Walsh took two AP classes sophomore year which attributed to the damaging cycle he found himself in. A cycle in this case is when an athlete finds themselves doing the same thing over and over each day. “It creates a burnt out athlete and student, one that will nap during class or play games just to find something new to do” Walsh said.

Students who fall into a cycle find themselves falling behind in school, and in their social life. Not being able to make time for new activities burns out the student, and creates an environment that is dull and repetitive. One such victim of this harmful cycle was club hockey player Thomas Miner. “I really found myself losing interest in school and especially hockey, which was something I always found myself enjoying.”

“Although it seems impossible to break through a cycle, it can be as easy as taking a day off to hang out with friends,” says senior rugby player John Dowling.

Like most athletes, John Dowling has found himself in a cycle that hurt his ability to perform in school. One thing that separates him from other athletes, is that he found a way to break that detrimental cycle. “One thing that helps is taking a day off,” he says. Most athletes despise the idea of taking a break, but sometimes it helps just clear your head and give yourself a new aspect to your day.

John Dowling has gone through 4 years of athletics with Regis, and found that stopping athletics that weren’t helpful to his development helped him develop a healthy cycle all while being able to maintain his athletics and social life.

Another detrimental aspect of academics and athletics, is the tough schedules. One such person with a tough schedule was previously mentioned hockey player Tommy Miner. As a club hockey player, his practices are later at night, which requires him to complete homework right after school. “It requires a discipline that most athletes don’t have, and at times, even I don’t have.”

According to an article written by a student at Penn State University, athletes are constantly being told to reconsider their majors, because with their athletic schedules they are unable to keep up with the demands of difficult majors and difficult sports.

Yet, maybe the most detrimental aspect of balancing athletic and academics is the athletes inability to keep up in school. Walsh said, “When you enter sophomore year after an easier freshman year, it really requires more attention to schoolwork instead of anything else. It becomes the wake-up call, and without it, I probably would’ve failed.”

Sophomore year Walsh took 2 AP classes, which most students wouldn’t dream of taking in their second year of high school. This really blasted a red light in front of him, saying that athletics and academics had to be balanced correctly.

Despite these negative effects of balancing academics and athletics, there are many positive aspects. When balanced correctly, most athletes go to better colleges, receive better grades on tests, and are overall happier people.
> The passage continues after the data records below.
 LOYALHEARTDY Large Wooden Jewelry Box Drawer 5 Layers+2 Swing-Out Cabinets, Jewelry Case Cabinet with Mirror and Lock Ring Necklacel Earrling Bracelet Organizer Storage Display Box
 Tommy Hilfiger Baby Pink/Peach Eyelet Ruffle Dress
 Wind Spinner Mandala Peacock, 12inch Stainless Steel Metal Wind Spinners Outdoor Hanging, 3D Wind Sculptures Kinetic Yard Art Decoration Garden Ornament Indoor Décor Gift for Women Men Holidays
A study performed by Kansas University for the 2011-2012 school year, showed that a higher percent of students that played sports, received better grades on school-wide tests. The same study also proved that athletes have better attendance rates.
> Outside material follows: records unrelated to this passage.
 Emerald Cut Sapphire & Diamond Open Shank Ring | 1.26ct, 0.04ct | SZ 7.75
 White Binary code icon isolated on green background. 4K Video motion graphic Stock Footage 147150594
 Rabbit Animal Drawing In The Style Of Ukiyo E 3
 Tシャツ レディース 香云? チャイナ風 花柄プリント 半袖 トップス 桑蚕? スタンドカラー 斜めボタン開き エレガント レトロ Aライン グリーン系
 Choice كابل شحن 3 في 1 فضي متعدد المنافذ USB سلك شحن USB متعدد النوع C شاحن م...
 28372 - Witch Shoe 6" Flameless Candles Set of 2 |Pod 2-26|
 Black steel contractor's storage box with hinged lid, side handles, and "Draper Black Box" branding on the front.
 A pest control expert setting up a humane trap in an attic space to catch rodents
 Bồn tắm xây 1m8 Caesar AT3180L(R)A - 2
Attending school on a daily basis helps, and especially with rules saying they had to in order to compete in the practices and games. CHSAA rules state that an athlete has to be at school the whole day before a game, in order to play in the game. This rule prevents ditching and students not attending school, only to be at the game.
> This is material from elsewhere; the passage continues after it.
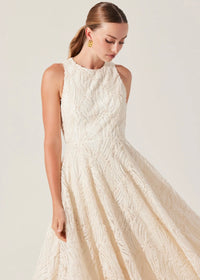 ASTR THE LABEL LILLEMOR 3D TEXTURED MIDI DRESS - CREAM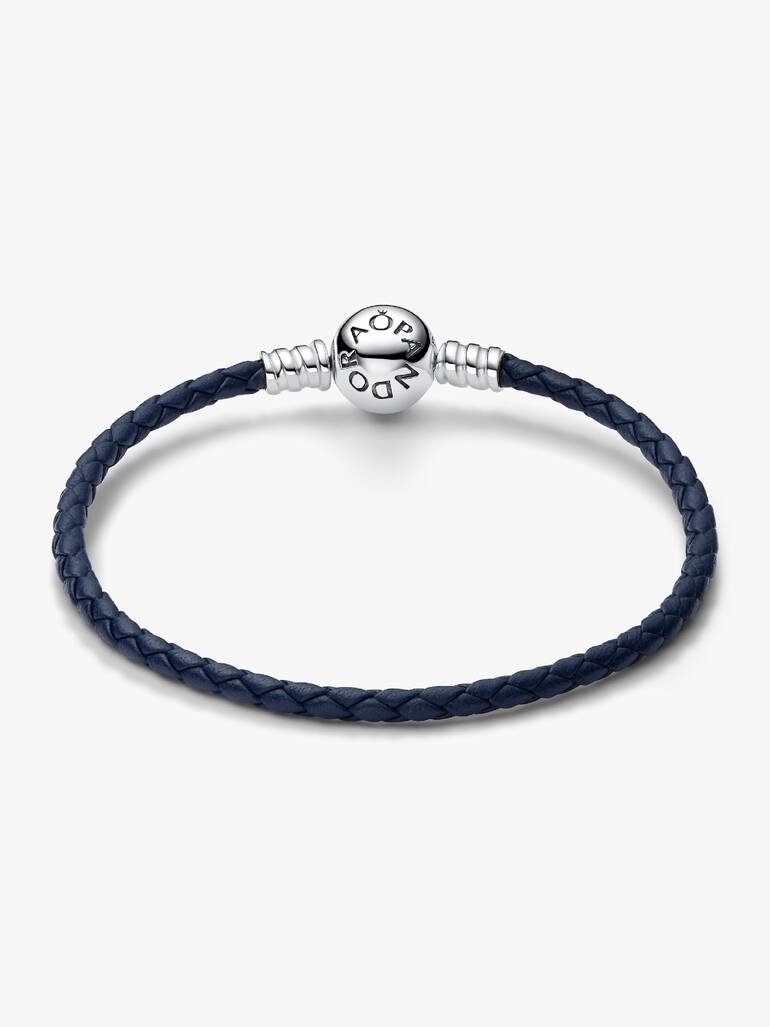 Pandora Moments Round Clasp Blue Braided Leather Bracelet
Lastly, balancing school and athletics provide better opportunities for college. A study done at Boston College on acceptance rates for students, they found that 62.5% of students that apply are athletes, and 30% of those athletes have a scholarship they are applying with, usually athletic.

Balancing school with athletics doesn’t seem worth it a lot of times, but in light of that study, the proof is there that they both can be accomplished and provide student athletes with better chances at schools that strive for not only athletic greatness, but academic too.

All over the country, students are faced with this issue, and a lot of students find ways to overcome. While there is no definite answer, there are many ways each student can use or come up with to help them become not only great athletes, but overall the best people.